We live in a world where things move along with a certain regularity. Night follows day, and day follows night. The seasons unfold at about the same pace year after year. Spring, summer, fall and winter are as predictable as the cycles of the sun. In the midst of all that steadiness, it is easy to become prisoners of the routine and forget just how wonderful life really is.
Thornton Wilder wrote a play about that which he called “Our Town.” It is the story about Emily who lived in Grover’s Corners until she dies in her early twenties. Then she wants to go back and revisit her earthly life. After much discussion with her heavenly neighbors who warn her that she will be terribly disappointed, she is granted permission to re-live any twenty-four hour period that she chooses. So she goes back to Grover’s Corners for her twelfth birthday.

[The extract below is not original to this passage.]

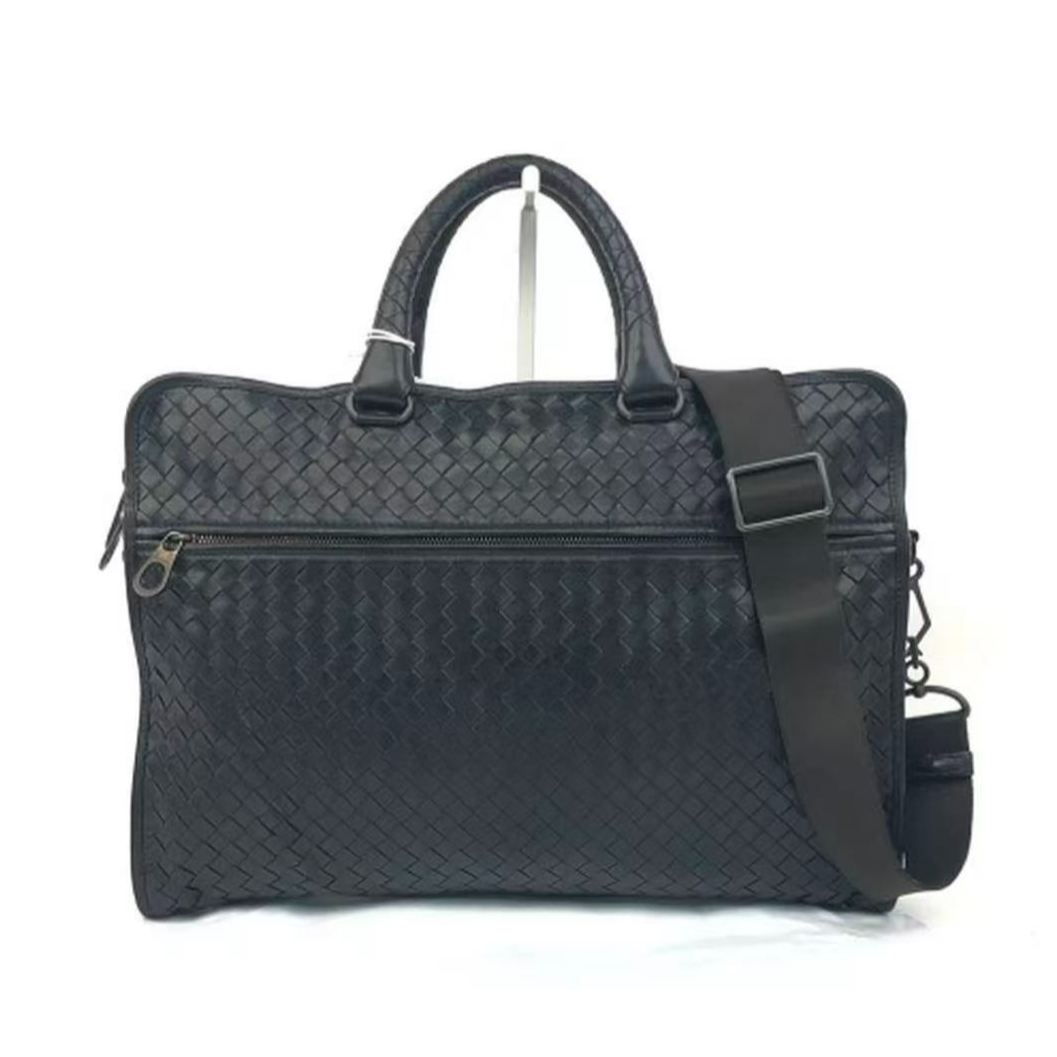 95新 BOTTEGA VENETA/葆蝶家 拉链款公文包【静文】BGD601070005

She is amazed most of all at the dullness of her family and friends. There they are with so many wonderful things to see and do and experience, but they seem to be lost in a maze of the commonplace. She tries in vain to capture the attention of her parents, to make them see the beauty of each moment; but they are too involved in the worries of the day to even see its higher meaning.
“How blind they are,” she says, “they live in a box.” Then she asks the conductor, “Do any people ever realize life, all of it?” “No”, he answered, “I don’t suppose they do.”

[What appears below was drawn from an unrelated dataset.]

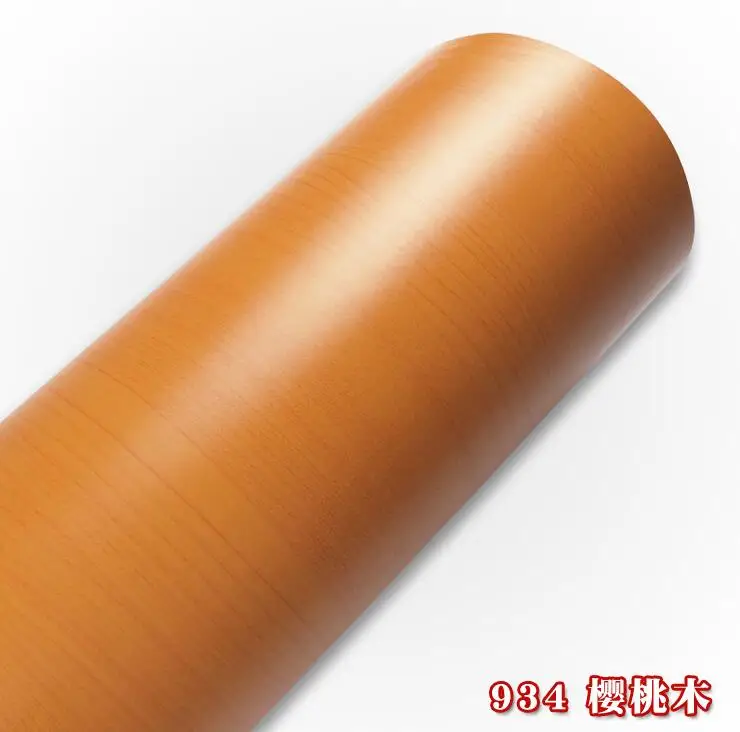 Legno Di Ciliegio Rosso Adesivi Pellicola Autoadesiva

Just the daily demands of living can rob us of our sense of wonder. That, I suppose, is one of the worst things that any adult can ever do. The capacity to wonder is God’s gift to us, and none of us had a right to take it away. We should not do that to anyone; and most of all, we should not do that nor allow the world to do that to ourselves.
In his autobiography, Andrea Gide recalls an experience from his boyhood. It was a warm spring day. He was sitting in class, but all of his thoughts were out of doors. Inevitably, his mind wandered and his eyes drifted toward the open window. Suddenly, he was utterly amazed at what he saw. There on the window sill at that very moment, a caterpillar was becoming a butterfly. He watched with awe as those beautiful wings began to emerge from the casing of the cocoon. Finally, he could contain his excitement no longer and shouted to his teacher and classmates to come see this wonderful thing that was happening.

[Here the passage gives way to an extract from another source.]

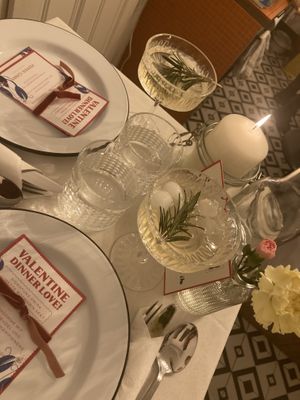 Valentinesdinner  at Pepper & Ginny - Vegane Veinkost in Vienna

All of the children gathered around, but the teacher was impatient with this needless disturbance. He rebuked Andrea for his uncontrolled enthusiasm, reminding him that this event really wasn’t marvelous at all. It happened all the time, and everyone except the very simple knew that and paid little or no attention to it.
Gide said something happened to him that day. He was embarrassed and ashamed. His capacity for wonder was badly wounded, and it took a long time for it to heal.
We do not know what lies ahead. There will be hurt and heartaches, pain and problems. But there will also be many marvelous things. May God give us the eyes to find and the heart to experience and see a few of them. The truly wise persons in this world leave the room in their lives for wonder.